In passato la Giurisprudenza della Corte si divideva fra un orientamento per cui, in caso di impugnazione di un testamento olografo, fosse necessario proporre la querela di falso, ed altro che invece affermava l’alternatività del citato istituto con quello del semplice disconoscimento di scrittura privata, con decisione rimessa alla libera volontà delle parti.
Di recente tuttavia la Suprema Corte a Sezioni Unite (sentenza 23 giugno 2010 n. 15169) ha stabilito che gli eredi devono per il testamento proporre querela di falso non essendo sufficiente il semplice disconoscimento.
La questione va guardata a più ampio raggio nel senso che la citata sentenza non va letta nel senso di ritenere applicabile l’istituto della querela di falso per le contestazioni di tutte le scritture private in generale, perché se così fosse l’istituto del disconoscimento verrebbe integralmente disapplicato; il problema allora va analizzato con riguardo alle scritture private proveniente da terzi estranei al giudizio.
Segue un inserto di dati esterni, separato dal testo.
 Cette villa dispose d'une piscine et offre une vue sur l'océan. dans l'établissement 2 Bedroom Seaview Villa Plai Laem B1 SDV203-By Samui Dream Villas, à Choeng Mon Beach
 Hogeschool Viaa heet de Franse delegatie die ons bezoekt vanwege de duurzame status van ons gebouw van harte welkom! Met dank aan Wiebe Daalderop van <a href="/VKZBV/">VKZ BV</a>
Più nel dettaglio il contrasto era rilevabile nella Giurisprudenza della Corte che affermava motivatamente che le dette scritture non sono assoggettate alla disciplina sostanziale di cui all’art. 2702 c.c. e a quella processuale di cui all’art. 214 c.p.c., sicchè non è necessario impugnarle per falsità, mentre in senso diverso, altrettanto motivatamente, si sono pronunciate altre sentenze che hanno affermato che la contestazione dell’autenticità di tali scritture deve avvenire nelle forme di cui agli artt. 221 e ss. c.p.c., perchè si risolve in una eccezione di falso.
La ragione di tale contrasto non risiede però soltanto in un approccio diverso alla normativa in astratto applicabile, ma, molto più comprensibilmente, nasce dal valore probatorio che è oggettivamente attribuibile alla scrittura sottoscritta da terzi e non può prescindersi dal considerare che non tutte le scritture provenienti da terzi hanno lo stesso grado di incidenza processuale (e sostanziale).
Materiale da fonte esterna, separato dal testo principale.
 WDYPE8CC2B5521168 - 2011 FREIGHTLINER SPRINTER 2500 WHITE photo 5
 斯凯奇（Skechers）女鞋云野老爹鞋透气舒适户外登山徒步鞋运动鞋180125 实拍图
Ritenere quindi che la contestazione delle medesime possa avvenire soltanto con la querela di falso significherebbe attribuire ad esse un valore privilegiato nell’ambito delle prove a disposizione del Giudice che non potrebbe trovare giustificazione con riguardo a tutte le scritture provenienti da terzi, ma soltanto per quelle che hanno un intrinseco grado di attendibilità quanto meno sostanziale, come appunto nel caso del testamento olografo; atto che per la natura e la rilevanza che gli sono propri non può essere considerato, sotto il profilo probatorio, assimilabile ad altre scritture provenienti da terzi.
In applicazione di quanto sopra, avremo che solo ove l’atto proveniente dal terzo assuma, per la sua valenza intrinseca, un valore particolare può ritenersi necessaria la querela di falso per contestarne la valenza, mentre invece nei casi ordinari ciò non sia necessario.
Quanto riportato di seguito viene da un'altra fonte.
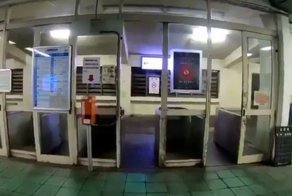 Долгий и жуткий путь к поездам японской железнодорожной станции, залегающей в недрах горы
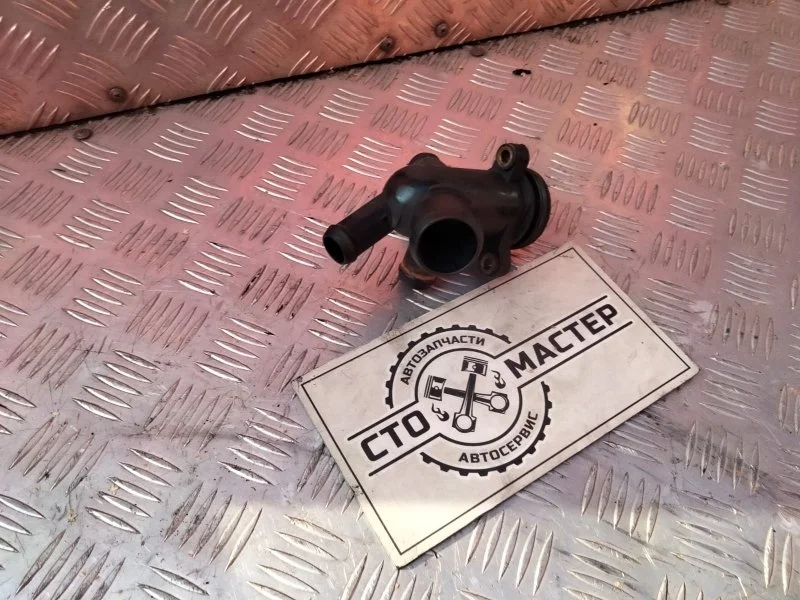 Патрубок помпы Ford Transit 1849276 RWD 155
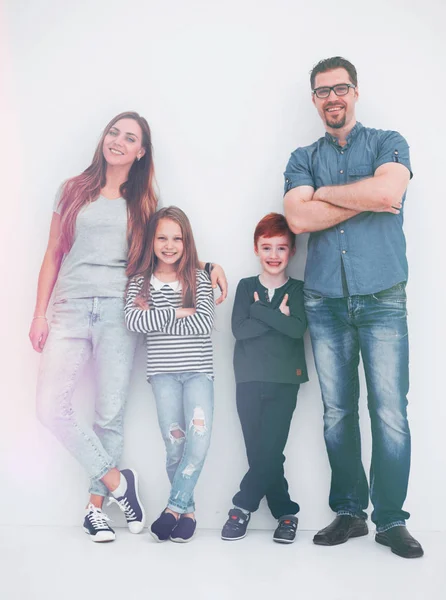 I full growth.portrait av en lycklig familj — Stockfoto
In conclusione deve affermarsi il principio secondo cui le scritture private provenienti da terzi possono essere liberamente contestate, non applicandosi alle stesse la disciplina sostanziale di cui all’art. 2702 c.c. né quella processuale di cui all’art. 214 c.p.c., atteso che le stesse costituiscono prove atipiche il cui valore probatorio è puramente indiziario e che possono quindi contribuire a fondare il convincimento del giudice in armonia con altri dati probatori acquisiti al processo; tuttavia, nell’ambito delle scritture private deve riservarsi diverso trattamento a quelle la cui natura le connota di una carica di incidenza sostanziale e processuale intrinsecamente elevata (come appunto il testamento olografo), tale da richiedere la querela di falso per contestarne l’autenticità.